Au préalable à ce dernier, un autre paquebot de la Compagnie des Chargeurs Réunis porta le nom d’Amiral Gueydon.Ce bâtiment termina sa carrière sur les côtes de Somalie en juillet 1903. Il fut pris dans une violente tempête au large de l’îlot de Socotora, un incendie se déclara à son bord et il dut être échoué sur la côte entre Aden et Mascate pour éviter la perdition de l’équipage et des passagers. Ces faits sont relatés dans le Petit Journal du 11 octobre 1903 :

L’Amiral Gueydon est à gauche sur la photo caractérisé par les étoiles sur les cheminées, signe distinctif de la Compagnie des Chargeurs.

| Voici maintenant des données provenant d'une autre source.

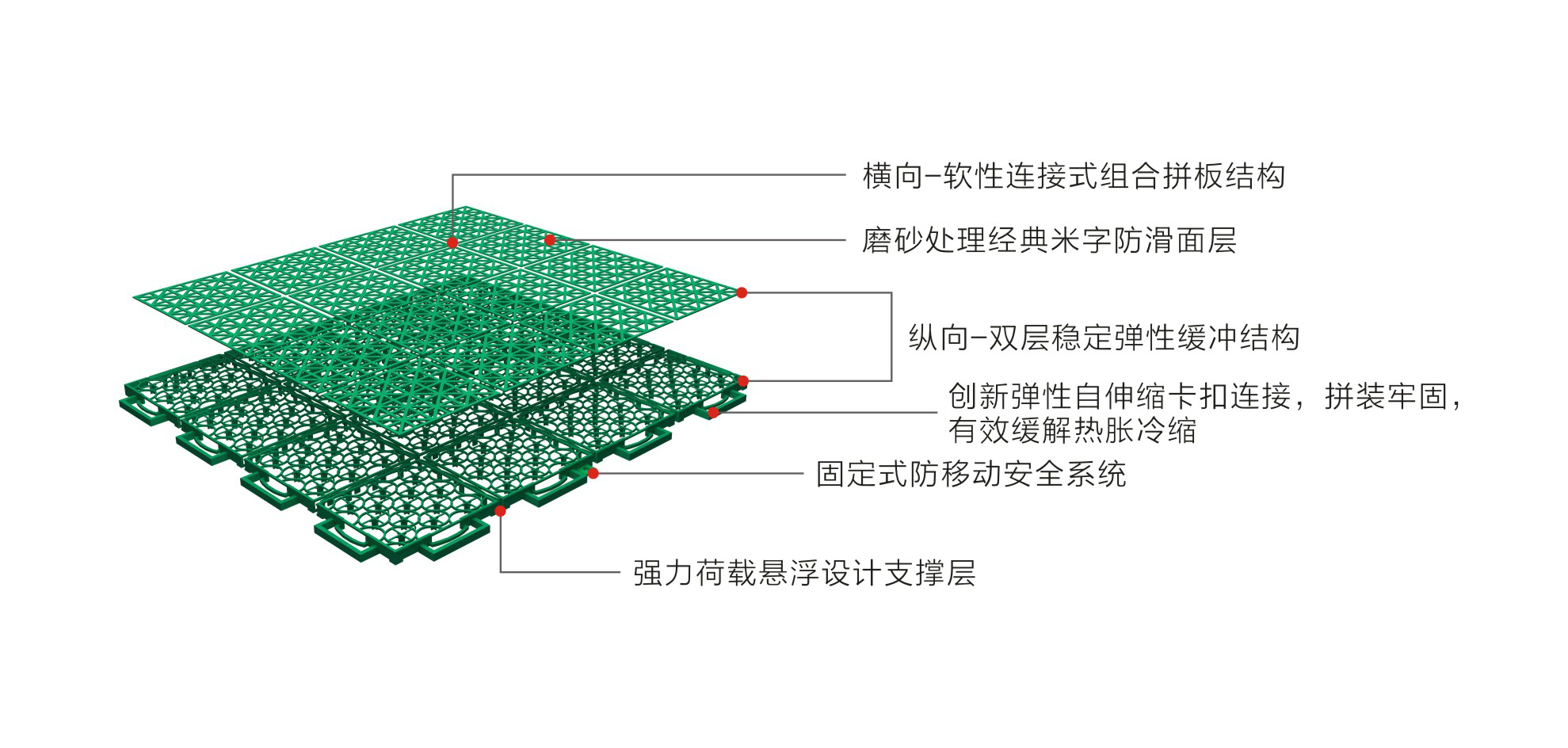 英利奧經(jīng)典軟連接懸浮式拼裝地板-結構圖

L’Amiral de Gueydon eut au moins un fils, Paul Albert comte de Gueydon, qui fut lui aussi vice-amiral. Un amiral de grand renom également si l’on en croit le dictionnaire des Marins français où il figure à la suite de son père. On retrouve aussi son nom lié à un cru de Graves de Bordeaux : Château de Bordeaux. Ceci s’explique par le fait qu’il fut propriétaire de ce château suite à ses épousailles avec la comtesse de Tessier de Cadillan qui en avait hérité de son père. Ce château fut revendu plus tard par la famille.

Il y aurait beaucoup plus à dire mais nous pensons que les éléments recueillis reflètent l’ampleur de cet homme dans l’histoire et pour nous celle de l’Algérie.